Now assume both aircraft hit the same gust and it increases their angles of attack by 3 degrees. The light aircraft will experience a doubling of its angle of attack, Cl and load factor. But the heavy aircraft will experience only a 50% increase. So the heavy aircraft will experience 2g while the light one experiences only 1.5g. So increasing weight decreased the gust load, which means that statement (ii) is true.

If we look more closely at the first factor of vertical motion, we can see that the greater aceleration of the lighter aircraft is a direct result of the greater change in load factor.
The fact that light aircraft jump about more in turbulence is due to the greater changes in load factor they experience.

So option c is correct.



QUESTION 2.
The important thing here is that a high aspect ratio wing has a steeper CL : alpha curve than a low aspect ratio wing. So for any given gust induced increase or decrease in alpha, the change in CL will be greater for a high aspect ratio than for a low aspect ratio. So gust load increases with increasing aspect ratio.
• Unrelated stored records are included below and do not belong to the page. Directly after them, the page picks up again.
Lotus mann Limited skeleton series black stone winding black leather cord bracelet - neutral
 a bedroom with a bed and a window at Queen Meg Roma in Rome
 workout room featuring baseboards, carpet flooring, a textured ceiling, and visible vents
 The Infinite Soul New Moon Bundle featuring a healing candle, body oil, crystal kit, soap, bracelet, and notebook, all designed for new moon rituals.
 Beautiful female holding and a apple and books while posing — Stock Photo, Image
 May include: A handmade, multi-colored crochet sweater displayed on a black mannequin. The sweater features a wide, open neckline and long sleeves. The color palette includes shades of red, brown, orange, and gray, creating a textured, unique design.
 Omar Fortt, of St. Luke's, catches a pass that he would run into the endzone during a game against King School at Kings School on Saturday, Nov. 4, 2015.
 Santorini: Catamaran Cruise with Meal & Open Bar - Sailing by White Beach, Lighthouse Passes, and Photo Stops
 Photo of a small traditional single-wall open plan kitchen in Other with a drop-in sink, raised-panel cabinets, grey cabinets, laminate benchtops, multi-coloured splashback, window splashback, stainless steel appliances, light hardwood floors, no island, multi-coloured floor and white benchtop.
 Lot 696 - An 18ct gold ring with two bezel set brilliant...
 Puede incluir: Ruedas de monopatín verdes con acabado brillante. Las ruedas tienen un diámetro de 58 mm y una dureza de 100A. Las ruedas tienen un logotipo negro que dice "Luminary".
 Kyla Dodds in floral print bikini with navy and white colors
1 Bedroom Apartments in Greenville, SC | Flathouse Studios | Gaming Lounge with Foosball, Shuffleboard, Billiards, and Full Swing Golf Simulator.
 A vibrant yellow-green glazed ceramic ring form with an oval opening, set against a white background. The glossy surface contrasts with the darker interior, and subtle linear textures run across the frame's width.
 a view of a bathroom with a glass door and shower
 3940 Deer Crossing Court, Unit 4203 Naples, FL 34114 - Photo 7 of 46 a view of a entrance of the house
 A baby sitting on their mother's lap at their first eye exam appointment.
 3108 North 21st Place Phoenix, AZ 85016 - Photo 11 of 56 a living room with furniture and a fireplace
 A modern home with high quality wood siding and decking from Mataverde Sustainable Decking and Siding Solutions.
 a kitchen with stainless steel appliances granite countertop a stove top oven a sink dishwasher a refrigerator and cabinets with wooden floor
You can demonstrate this simply by drawing a steep and a shallow CL :alpha curve on a piece of paper. Now apply the same change in alpha to both curves and see how the CL varies.

The effect of altitude is discussed above.

So option b is correct.

[ 19 January 2002: Message edited by: Keith Williams. ]</p>

Keith Williams IS the king of POF!

Only experienced his expert teaching on PPL ground school, but my word this guy is good!

Cat3 Autoland,

Thanks for the plug, but if my teaching was so good why did you look so puzzled?

. .Crosswind Limits.

Here are my answrers to the questions above.

1. b.. .Sweeping back the wings decreases aspect ratio. Decreasing aspect ratio decreases the gradient of the CL:Alpha curve. So for any given gust induced change in alpha, the CL change will be smaller for a swept wing than for a straight one. So increasing sweep back angle decreases gust load in any given gust.

. .2. b.. .The CL: alpha slope is a straight line up to the stall, so doubling the intensity of the upward gust would double the increase in CL. A gust causing a 1 degree increase in angle of attack increased CL by 0.15 from 0.55 to 0.7. A gust of twice this intensity would therefore increase CL by twice as much which is an increase of 0.3.

. .3. b.. .The CL : Alpha curve is a straight line up to the stalling angle, so within this range, if a 1 degree increase in alpha produces an increase of 0.06 in CL, then a 5 degree increase in alpha will produce an increase of ( 5 x 0.06 = 0.3) in CL.

Load factor = lift / weight and in straight and level flight this equals 1. So assuming the aircraft was in straight and level flight prior to the gust, its load factor would have been 1. Although the weight of the aircraft is not given, its load factor of 1 can be expressed as a ratio of CL to some figure representing weight, provided the ratio of the two is equal to 1. That is to say the load factor before the gust equals 1 which can be expressed as 0.44 / 0.44.

. .On this basis the load factor in the gust is equal to the new CL / 0.44 which is = (0.44 + 0.3) / 0.44.

The new load factor is therefore 0.74 / 0.44 which is 1.68.